For example, the 2nd entry in the above array of estimated derivatives, can be manually checked from the 1st and 3rd value in the function f_at_t2(x), as follows:

In [19]:

(59.32979676 - 50.28881576) / (2*delta_x)    # This way of numerically estimating derivatives is called "Central Differences"

Out[19]:

2.2602452500000005

Now take the derivative again, with the Numpy gradient function, to arrive at a coarse estimate of the 2nd derivative with respect to x:¶

In [20]:

second_gradient_x_at_t2 = np.gradient(gradient_x_at_t2, delta_x)
second_gradient_x_at_t2

Out[20]:

array([-0.24012473, -0.4626242 , -0.78779039, -0.80561177, -0.49803736,
        0.        ,  0.49780776,  0.78779039,  0.63277408,  0.4102746 ])

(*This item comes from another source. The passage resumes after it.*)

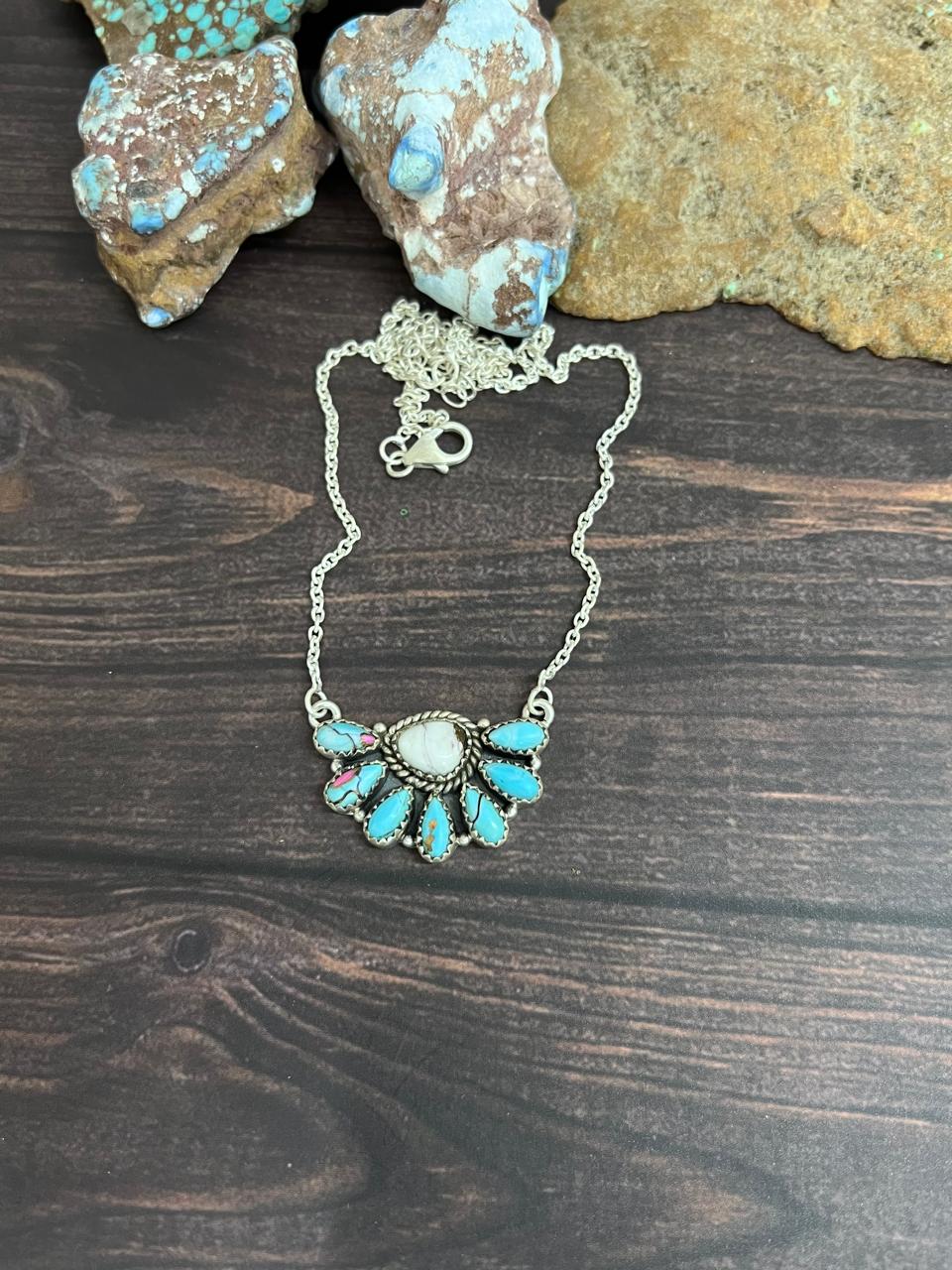 Handmade Sterling Silver Cotton Candy Turquoise Necklace with Signed Nizhoni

Note how the 2nd derivative is 0 at bin 5 (bins are numbered 0 thru 9): if you look at the earlier sine plot, x5 is the inflection point.

B. The partial derivative with respect to time¶

Now, let's look at how concentrations change with time. Let's first revisit the full history:

In [21]:

all_history

Out[21]:

array([[50.        , 55.87785252, 59.51056516, 59.51056516, 55.87785252,
        50.        , 44.12214748, 40.48943484, 40.48943484, 44.12214748],
       [50.14694631, 55.82172403, 59.41974735, 59.41974735, 55.82172403,
        50.        , 44.17827597, 40.58025265, 40.58025265, 44.03132966],
       [50.28881576, 55.76980517, 59.32979676, 59.32979676, 55.76613151,
        50.        , 44.23386849, 40.67020324, 40.66652958, 43.94505274],
       [50.42584049, 55.72178022, 59.24079697, 59.24070513, 55.71106985,
        50.        , 44.28893015, 40.75920303, 40.7485845 , 43.86308966],
       [50.55823898, 55.67735715, 59.15281926, 59.15246655, 55.65653399,
        50.        , 44.34346372, 40.84718074, 40.82671259, 43.78522703]])

For simplicity, let's start by just inspecting how the values change over time at the 3rd bin from the left,¶

i.e. the 3rd column (index 2 because counting starts at 0) of the above matrix:

In [22]:

f_of_t_at_x2 = all_history[ : , 2]  # The column with index 2
f_of_t_at_x2

Out[22]:

array([59.51056516, 59.41974735, 59.32979676, 59.24079697, 59.15281926])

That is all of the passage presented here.